Import — We copy rows into our columnar cache at refresh time. Fast queries, arbitrary SQL dialects, but data is as fresh as your last refresh.
Direct — We push queries straight to the upstream database. Always fresh, but latency and concurrency depend on the source.
Composite — Some tables imported, some direct. Useful when a fact table is huge (direct) but dimension tables are small (import).

Mode is picked at dataset creation and can be changed later.

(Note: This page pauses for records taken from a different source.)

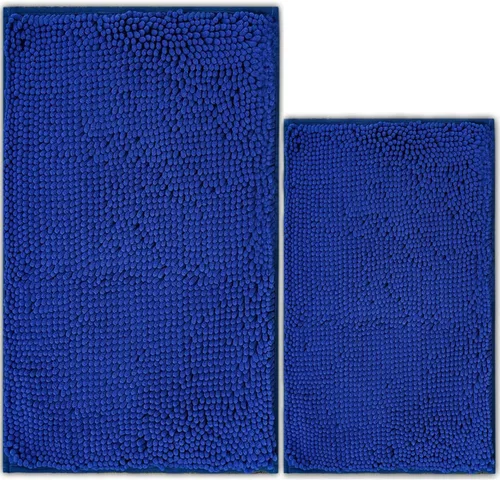Miniatura 10 de Juego de 2 tapetes de baño de chenilla, superabsorbentes, con fuerte respaldo antideslizante de PVC, tapetes de baño para baño, peludos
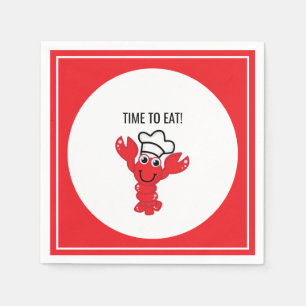 Red Lobster Bake Chef Hat Stripe Napkin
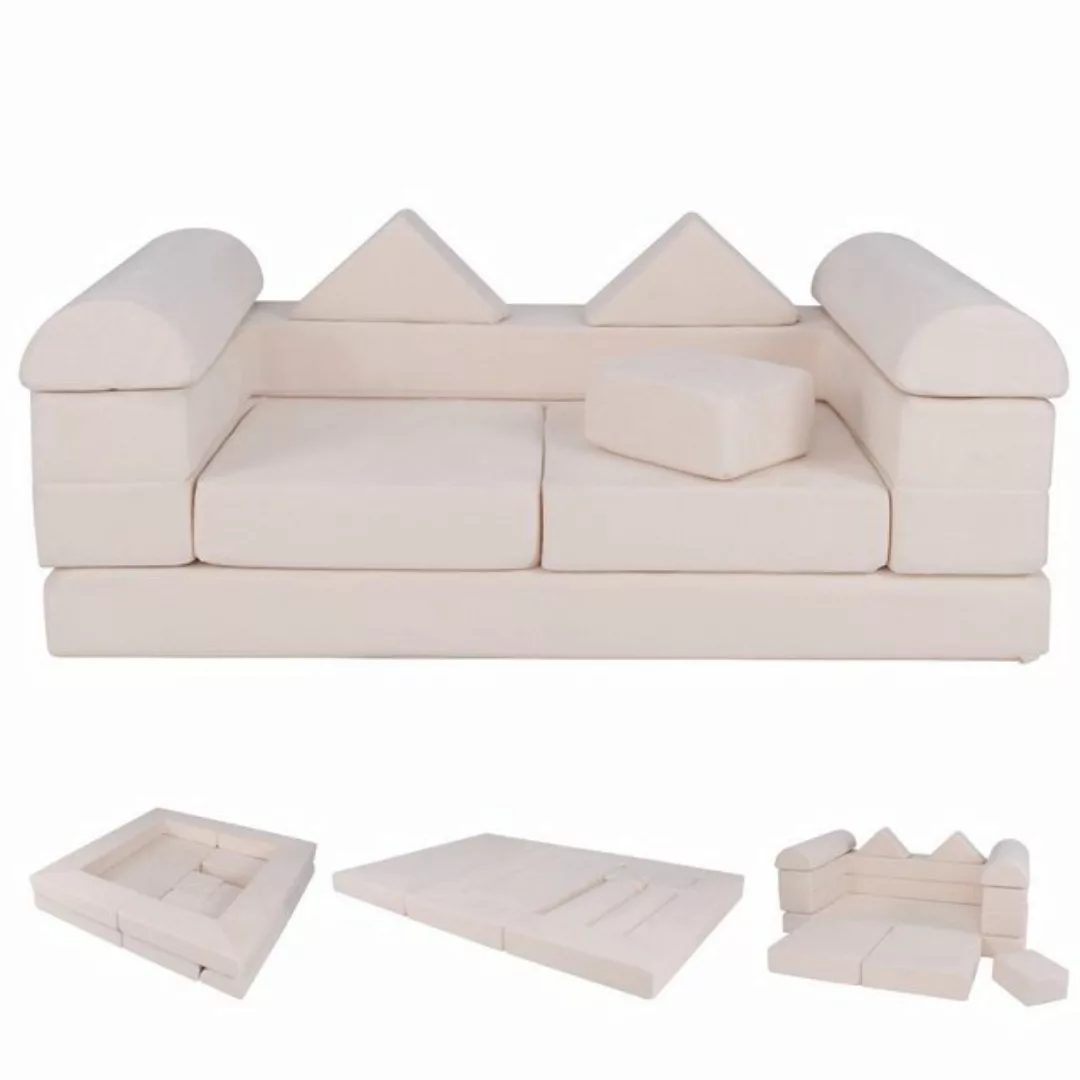 COSTWAY Kindersofa, 9 Teile, Modulares Spielsofa aus Schaumstoff für Kinder günstig online kaufen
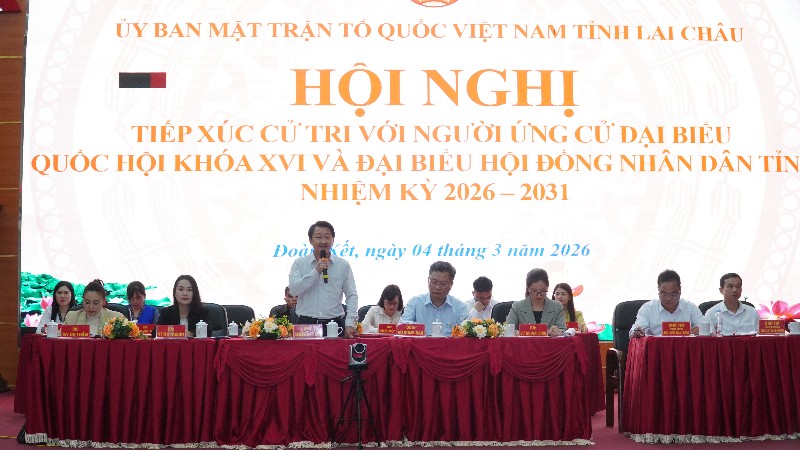 Hội nghị tiếp xúc cử tri với người ứng cử Đại biểu Quốc hội Khóa XVI và HĐND tỉnh nhiệm kỳ 2026-2031 tại phường Đoàn Kết và xã Tả Lèng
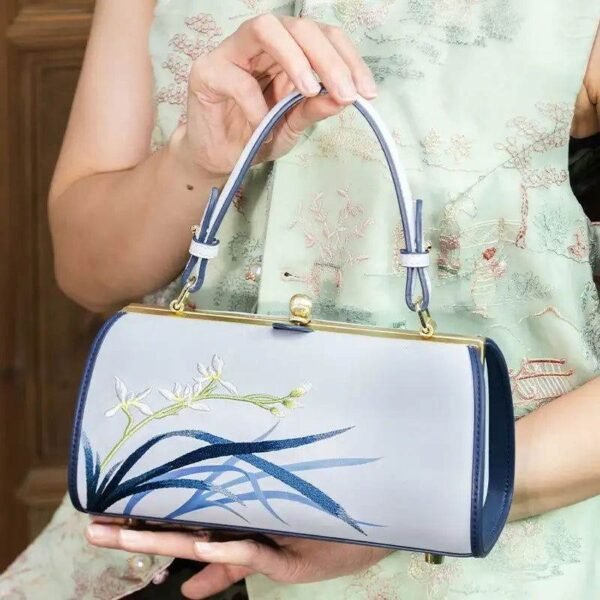Embroidery_Leather_Blue_Orchid_Cylinder_Chain_Barrel_Bag_-_SinoCultural-2470678 Embroidery_Leather_Blue_Orchid_Cylinder_Chain_Barrel_Bag_-_SinoCultural-2470678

The semantic model travels with the dataset regardless of mode.

Lifecycle

created → syncing → ready ↔ refreshing → ready
                       ↓
                     error → (retry or disable)

row_count, size_bytes, and last_refresh_at are updated on every successful refresh.
Failed refreshes trigger an email + Slack alert to workspace admins (configurable in Settings → Alerts).
A dataset can be paused — queries continue against the last good snapshot; no refreshes fire.

Querying

Datasets are never queried with raw SQL from the web UI. You send a structured QueryRequest:

{
  "dimensions": [{"id": "order_date", "grain": "month"}],
  "measures": ["revenue"],
  "filters": [{"field": "region", "op": "in", "value": ["North", "South"]}],
  "order_by": [{"field": "order_date", "dir": "asc"}],
  "limit": 1000
}

The compiler binds this to the semantic model, emits dialect-specific SQL (PostgreSQL/MySQL/Snowflake/BigQuery/DuckDB), and returns rows plus a sql_preview for transparency.

Versioning

Every schema change (a new column, a changed type, a dropped table) creates a new dataset version. Reports pin to a version; opening an old report against a new version warns you if a referenced column is gone.

Quotas

Starter plans get 2 GB total across all datasets; Growth gets 50 GB; Scale is unlimited. Row counts over 100 M default to Direct mode.